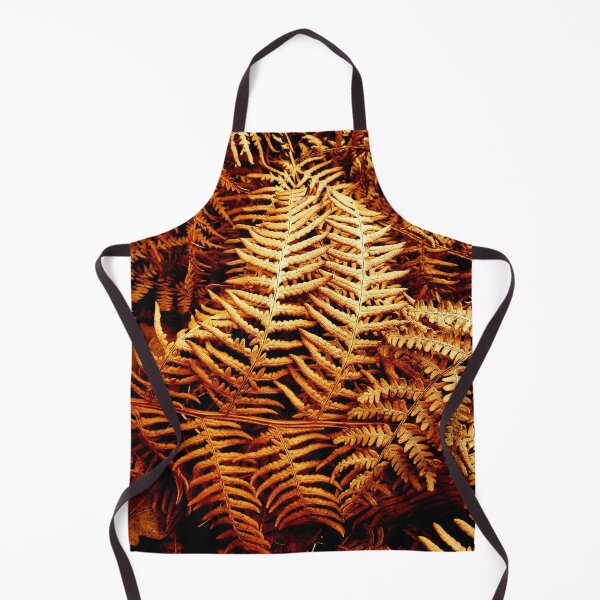 Item preview, FLORA #9 – Sepia Colored Ferns designed and sold by DEL-Productions.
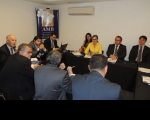 Coordenadoria da Justiça do Trabalho busca propostas para melhorar representatividade do magistrado do trabalho perante a AMB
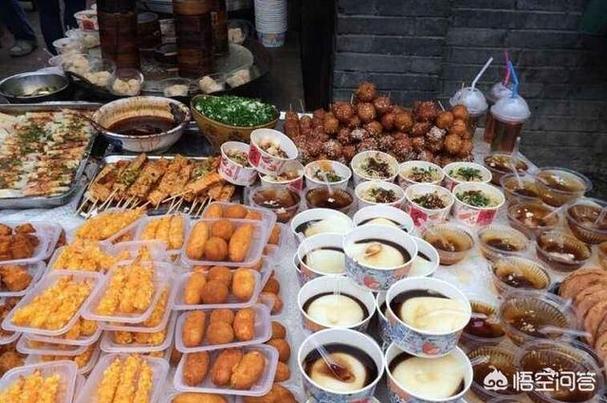 利润很吓人的10个冷门小吃,生意比较好的小吃 生活指南 利润很吓人的10个冷门小吃,生意比较好的小吃 利润很吓人的10个冷门小吃,生意比较好的小吃 生活指南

• **Instructions for the task**: Only the pictures are to be left out; restate everything else in the listing word for word.

• **Worked solution**:
 Item preview, FLORA #9 – Sepia Colored Ferns designed and sold by DEL-Productions.
 Coordenadoria da Justiça do Trabalho busca propostas para melhorar representatividade do magistrado do trabalho perante a AMB
 利润很吓人的10个冷门小吃,生意比较好的小吃 生活指南 利润很吓人的10个冷门小吃,生意比较好的小吃 利润很吓人的10个冷门小吃,生意比较好的小吃 生活指南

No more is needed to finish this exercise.